Но отрава из Малоярославца нет-нет, да и напоминала о себе. У Бонапарта участились нестерпимые желудочные колики, сопровождаемые тягучей головной болью, а порой и головокружением. Такой сильный приступ случился у него и 15 июня 1815 года. В Бельгии, недалеко от деревни Ватерлоо. Последняя битва императора завершилась его разгромом – даже без участия русских войск. А низвергнутого властителя Европы семь лет спустя все-таки достал яд. Другой – английский.

Углубляться в историю об отравлении Наполеона на острове Святой Елены, думаю, не стоит. Смысла нет. Во-первых, англичане – высокомерные, циничные и уверенные в своей безнаказанности – могли отравить в пустыне океана кого угодно, а не только беззащитного, одинокого, брошенного всеми Бонапарта. А во-вторых, сомневаться сегодня в том, что Наполеон был отравлен, это все равно что отрицать, что планета Земля является частью Солнечной системы. Окончательно явным это стало благодаря… волосам!

Началом разоблачения, затерявшегося в веках, как часто случается, послужила книга. В 1955 году во Франции были изданы мемуары Луи Маршана, преданного слуги Бонапарта. Они пылились где-то на стеллажах архивов, пока ученые не снизошли до них и не дали им свет. В этих воспоминаниях месье Маршан безыскусно описывал день за днем будни Наполеона на острове Святой Елены и упомянул вскользь, что император дарил друзьям на память пряди своих волос… Замечу, такова древняя традиция разных народов, сохранили ее до XIX века и корсиканцы. По распространенным среди горцев представлениям, волосы, подаренные мужчиной, – это глубокий символ. Ибо они – носитель жизненной мощи: растут, как верили раньше, даже после смерти их обладателя. А по библейскому преданию о герое Самсоне, именно волосы были вместилищем его титанической силы и неотразимой мужественности.

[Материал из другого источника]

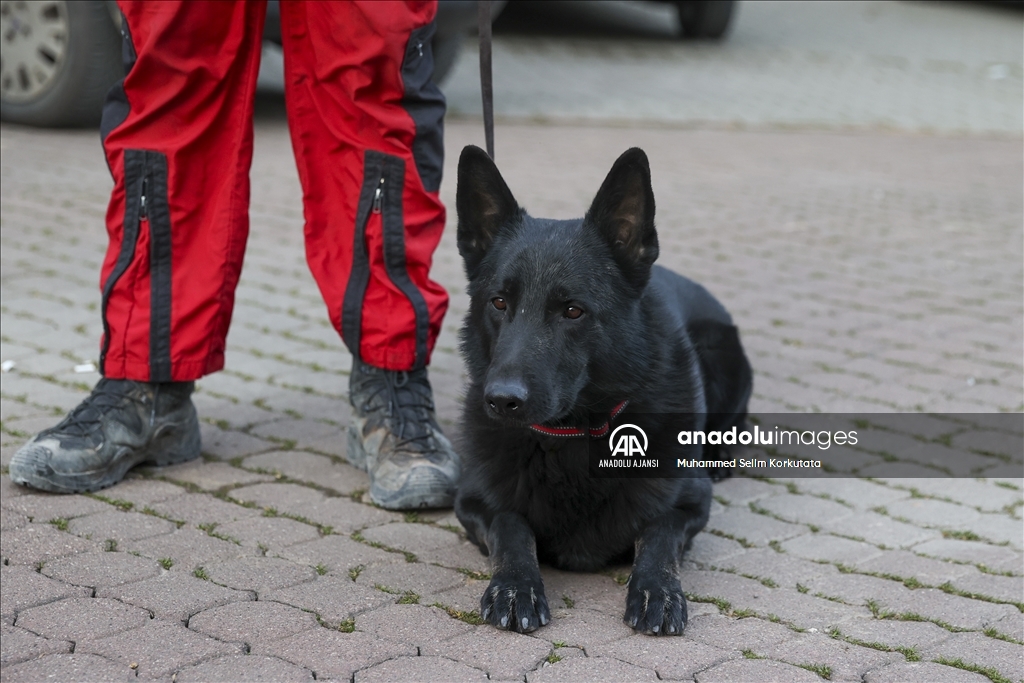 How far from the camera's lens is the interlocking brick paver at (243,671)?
2.49 metres

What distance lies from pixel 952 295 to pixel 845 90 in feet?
26.1

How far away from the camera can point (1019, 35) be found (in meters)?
18.7

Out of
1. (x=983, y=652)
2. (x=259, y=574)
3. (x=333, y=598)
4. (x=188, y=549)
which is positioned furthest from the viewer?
(x=188, y=549)

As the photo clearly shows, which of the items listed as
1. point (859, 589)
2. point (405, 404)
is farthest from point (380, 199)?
point (859, 589)

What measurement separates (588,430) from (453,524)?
1.99ft

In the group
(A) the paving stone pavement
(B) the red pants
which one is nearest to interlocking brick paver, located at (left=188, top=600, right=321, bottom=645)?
(A) the paving stone pavement

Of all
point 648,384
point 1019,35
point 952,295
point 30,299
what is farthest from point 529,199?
point 1019,35

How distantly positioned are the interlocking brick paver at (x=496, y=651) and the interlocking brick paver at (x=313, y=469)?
102 cm

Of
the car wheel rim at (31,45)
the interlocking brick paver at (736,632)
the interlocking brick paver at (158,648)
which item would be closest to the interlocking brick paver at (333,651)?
the interlocking brick paver at (158,648)

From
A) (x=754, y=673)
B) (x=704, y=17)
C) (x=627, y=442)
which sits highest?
(x=704, y=17)

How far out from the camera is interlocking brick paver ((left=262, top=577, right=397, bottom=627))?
112 inches

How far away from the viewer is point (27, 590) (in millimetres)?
2861

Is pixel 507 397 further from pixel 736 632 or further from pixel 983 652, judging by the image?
pixel 983 652

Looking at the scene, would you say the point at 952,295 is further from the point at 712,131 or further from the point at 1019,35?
the point at 1019,35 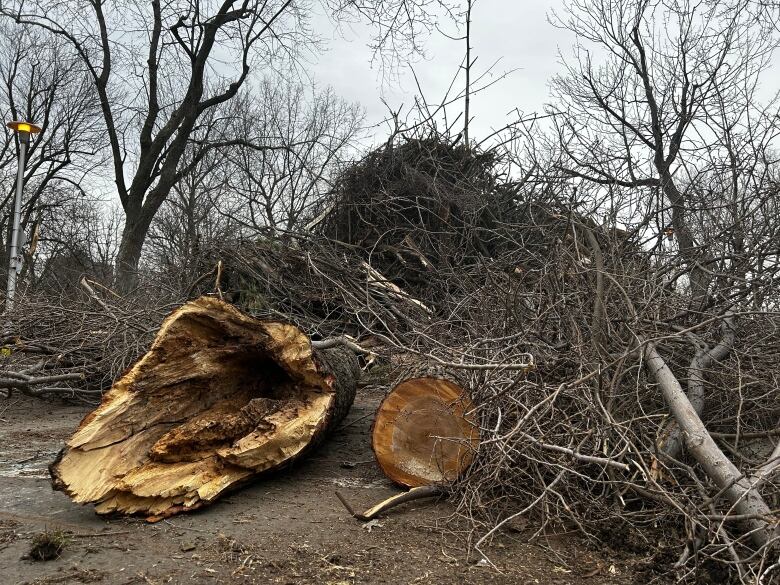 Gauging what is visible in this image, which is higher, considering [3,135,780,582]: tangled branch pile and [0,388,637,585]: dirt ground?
[3,135,780,582]: tangled branch pile

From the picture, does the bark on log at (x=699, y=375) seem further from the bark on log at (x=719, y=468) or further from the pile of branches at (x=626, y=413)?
the bark on log at (x=719, y=468)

И вот совершенно случайно эти мемуары попали на глаза шведскому врачу Стену Форшвуду, историку-любителю. Он залпом прочел книгу и сопоставил с тем, что изучал о бонапартистской эпохе прежде. Там, в частности, сообщалось, что – по весьма популярной версии – Наполеон умер от отравления мышьяком. Гипотеза требовала подтверждений. И швед, ухватившись за историю с волосами, решил все проверить сам.

Заметки на полях

Проявление симптомов отравления мышьяком зависит от типа поражающего агента, его дозировки и продолжительности периода поступления яда в организм. Львиная доля отравлений имеет симптомы поражения желудочно-кишечного тракта. Плюс слабость, боли в конечностях, судороги, кашель… И еще: обезвоживание, плохая работа почек, аритмия, гипотония… Употребляя мышьяк вместе с пищей, человек не предупреждает отравление организма, а лишь оттягивает время появления симптомов интоксикации. Это как раз и есть случай Наполеона, которого медленно и упорно травили.